A method of manufacturing the seal is shown schematically in FIG. 4. In the process illustrated in FIG. 4, a web 34 of laminate material carried on a spool 36 comprises an upper layer of flexible, tear resistant film 30 and a lower layer of low melt material 32. Beginning at the lefthand side of FIG. 4, web 34 is drawn outwardly to a first work station where tab 28 is formed in web 34 by punch 38. Punch 38 comprises a support 40 located beneath web 34 and a conventional punching apparatus which forms breakaway tabs or a three- quarter depth punch to result in a frangible section 42 which can be easily broken from web 34 into tab 28.

Web 34 is then advanced to the second work station where frangible section 42 is broken from web 34 and applied to the face of printhead 10 by a pressure apparatus 44. Pressure apparatus 44 applies a light pressure to frangible section 42 to break tab 28 from web 34 and temporarily tack tab 28 to printhead 10. Pressure apparatus 44 can be any conventional device which is designed to apply a light uniform pressure, such as a metal block with a rubber pad in the form of a plunger. Alternatively, pressure apparatus 44 can comprise a heat applicator which would apply a low level of heat to frangible section 42 to break section 42 from web 34 and tack tab 28 onto printhead 10.

As shown in FIG. 4, once tab 28 is temporarily tacked onto printhead 10, printhead 10 is moved to a third work station where a short burst of heat is applied to tab 28 which is sufficient to reflow low melt material layer 32 of tab 28 onto the face of printhead 10. The third work station includes a heater 46 such as a heal: gun. Heater 46 applies a short burst of heat, for about 3 seconds for example, at a temperature of below about 400° F. in order to protect adjacent plastic materials from heat damage. Heater 46 is an aluminum block with a caloride heater and temperature sensor which supplies the short burst of heat at about 350° F. Reflowing of material 32 causes the seal to accommodate any uneven surfaces on the face of the printhead and causes material 32 to flow partially into ink channels 24 which keeps nozzles 26 clean and free of ink until installation. Heater 46 could also be replaced by a radiant heat apparatus, an ultrasonic device, a high pressure plunger or any apparatus which would cause material layer 32 to reflow.

It is also possible to combine the second and third work stations such that frangible section 42 of web 34 is removed and sealed in place by a heater such as 46 thus eliminating the step of temporarily tacking tab 28 to printhead 10 by pressure apparatus 44.

The final work station shown in FIG. 4 comprises a cooling station in which a blower 48 directs air onto tab 28 in order to solidify low melt material 32 and secure tab 28 in place. Blower 48 is optional since cooling can be accomplished by ambient air. Additionally, other types of conventional cooling apparatus such as a cold stamp or chiller could be used in place of blower 48.

Other methods of applying tab 28 to printhead 10 are also suitable. For example, tab 28 can be prepunched or cut and individually applied to the face of printhead 10. Tab 28 could also be applied using a bowl fed process or other types of conventional assembly line processes.
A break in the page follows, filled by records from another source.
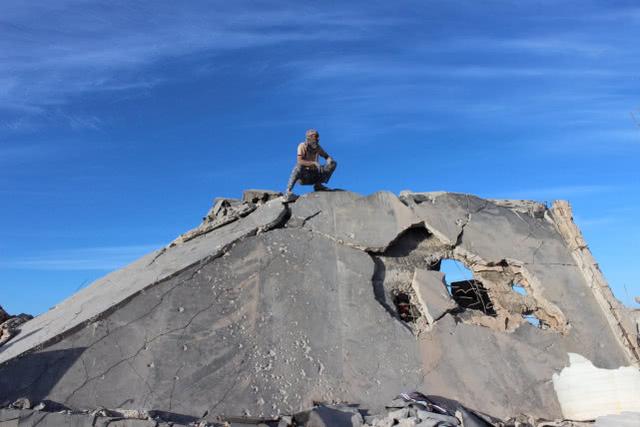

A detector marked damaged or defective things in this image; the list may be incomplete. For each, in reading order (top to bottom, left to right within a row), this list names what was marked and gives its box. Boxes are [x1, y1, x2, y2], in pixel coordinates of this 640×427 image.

cracked concrete surface [0, 190, 636, 422]
broken concrete edge [552, 202, 640, 366] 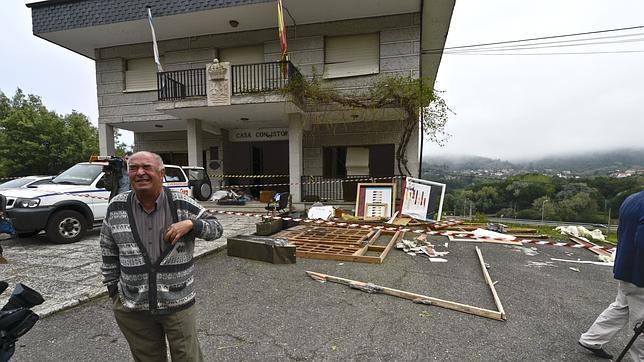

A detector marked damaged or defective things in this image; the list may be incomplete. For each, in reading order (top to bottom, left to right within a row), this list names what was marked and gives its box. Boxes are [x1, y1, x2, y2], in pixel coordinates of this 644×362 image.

broken wooden board [272, 225, 402, 264] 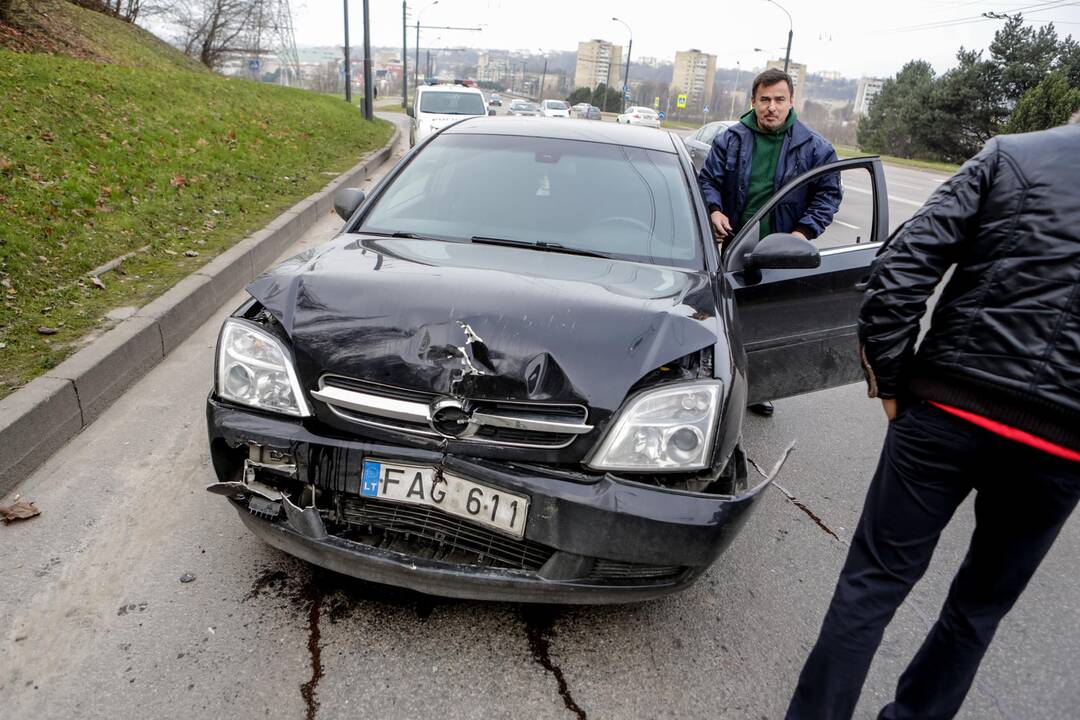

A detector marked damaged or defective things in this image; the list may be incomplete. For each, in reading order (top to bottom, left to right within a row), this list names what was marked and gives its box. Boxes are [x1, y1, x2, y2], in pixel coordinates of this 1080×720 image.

shattered headlight [214, 320, 308, 416]
broken grille [314, 374, 592, 448]
crumpled hood [243, 235, 716, 410]
damaged black car [207, 118, 892, 600]
shattered headlight [588, 380, 720, 476]
broken grille [340, 492, 556, 572]
broken front bumper [209, 396, 768, 604] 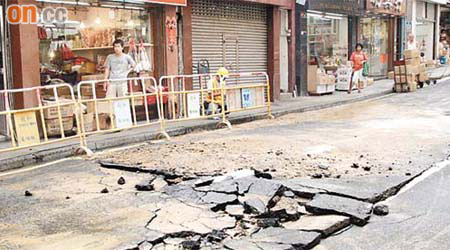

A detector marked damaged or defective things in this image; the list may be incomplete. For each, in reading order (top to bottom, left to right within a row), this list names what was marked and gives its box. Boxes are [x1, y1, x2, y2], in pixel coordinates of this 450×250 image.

damaged pavement section [98, 163, 418, 249] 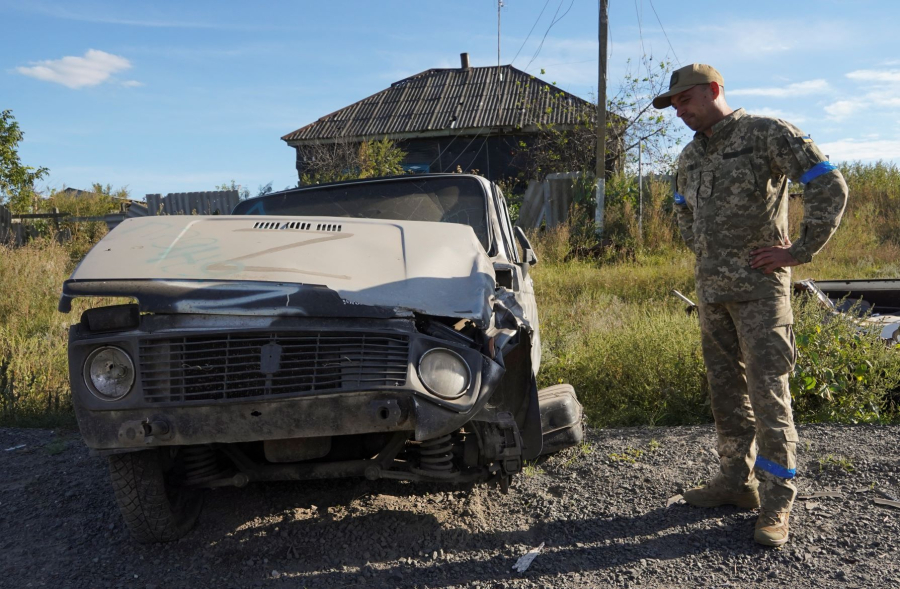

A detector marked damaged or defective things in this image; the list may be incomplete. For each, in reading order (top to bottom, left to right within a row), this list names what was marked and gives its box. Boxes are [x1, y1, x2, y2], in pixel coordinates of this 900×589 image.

crumpled hood [65, 214, 500, 324]
broken headlight [82, 344, 135, 400]
rusted vehicle [61, 173, 584, 544]
damaged white vehicle [61, 173, 584, 544]
broken headlight [416, 346, 472, 398] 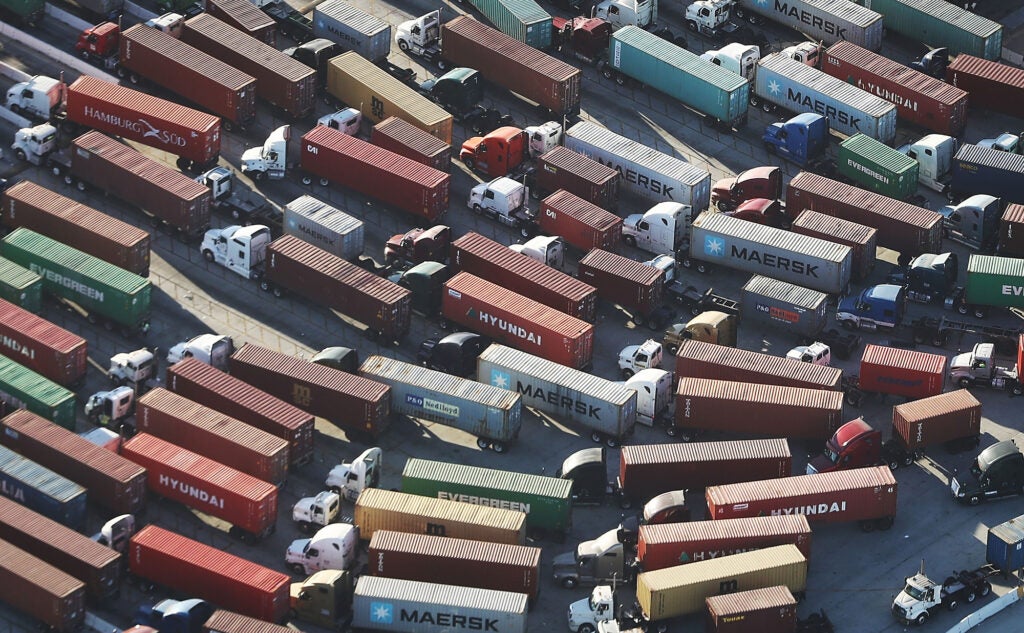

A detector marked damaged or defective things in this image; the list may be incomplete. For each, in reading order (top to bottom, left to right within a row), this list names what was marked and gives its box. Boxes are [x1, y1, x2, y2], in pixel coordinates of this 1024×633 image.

rusty shipping container [181, 13, 315, 118]
rusty shipping container [442, 15, 585, 115]
rusty shipping container [0, 409, 148, 512]
rusty shipping container [0, 178, 150, 274]
rusty shipping container [70, 132, 209, 240]
rusty shipping container [134, 385, 290, 483]
rusty shipping container [230, 340, 389, 438]
rusty shipping container [266, 232, 413, 340]
rusty shipping container [301, 123, 450, 222]
rusty shipping container [438, 272, 593, 368]
rusty shipping container [450, 230, 598, 319]
rusty shipping container [671, 340, 839, 389]
rusty shipping container [782, 172, 942, 256]
rusty shipping container [354, 485, 528, 544]
rusty shipping container [130, 522, 288, 622]
rusty shipping container [370, 528, 544, 602] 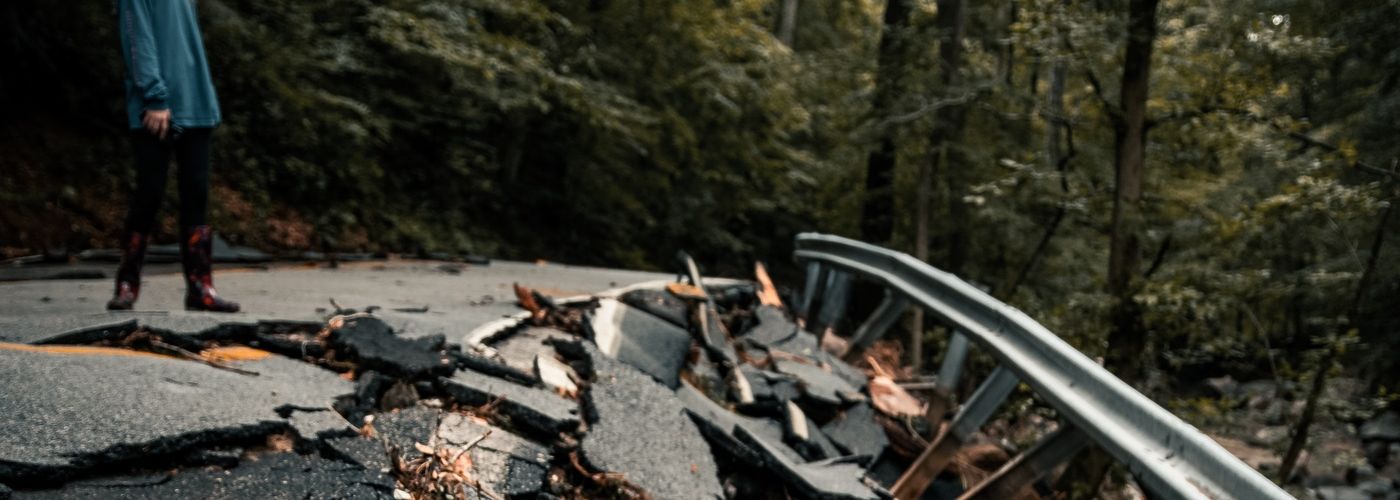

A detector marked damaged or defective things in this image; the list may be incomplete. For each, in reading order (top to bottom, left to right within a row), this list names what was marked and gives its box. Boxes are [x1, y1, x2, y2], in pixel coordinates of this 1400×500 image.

bent guardrail [792, 233, 1288, 500] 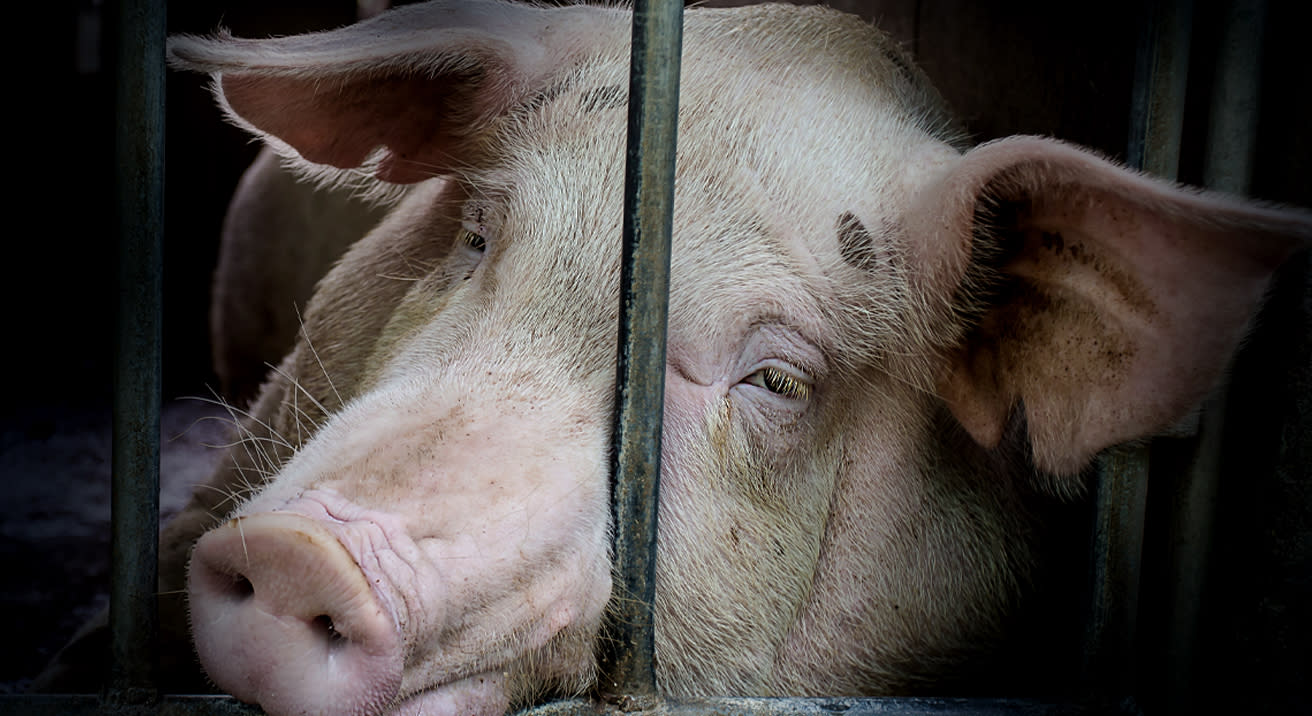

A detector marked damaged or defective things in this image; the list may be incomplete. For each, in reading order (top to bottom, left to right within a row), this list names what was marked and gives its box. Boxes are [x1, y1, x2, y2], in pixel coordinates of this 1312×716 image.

rusty metal bar [108, 0, 166, 697]
rusty metal bar [600, 0, 687, 697]
rusty metal bar [1081, 0, 1196, 697]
Tabs 28 could even be applied by hand. The application of tabs 28 are especially applicable to thermal ink jet technology using side shooting where heater plate 20 is matched with channel plate 18 and diced, at which time tab 28 could be immediately applied to printhead die 12. Thus, it is seen that any method of applying tab 28 to face of printhead 10 is suitable. It is evident that placement of seal 28 does not require precise manufacturing processes and therefore can be inexpensively executed. Although the present invention has been described with respect to a thermal ink jet cartridge type printhead, the seal in accordance with the present invention can be applied to any type of printhead having nozzles in the face thereof, including a page width printhead or a staggered array printhead. Individual seals or one large seal could be used in such situations. The seal in accordance with the, present invention could also be used in piezoelectric printing assemblies or any printing assembly in which it is desirable to seal the printing nozzles prior to installation.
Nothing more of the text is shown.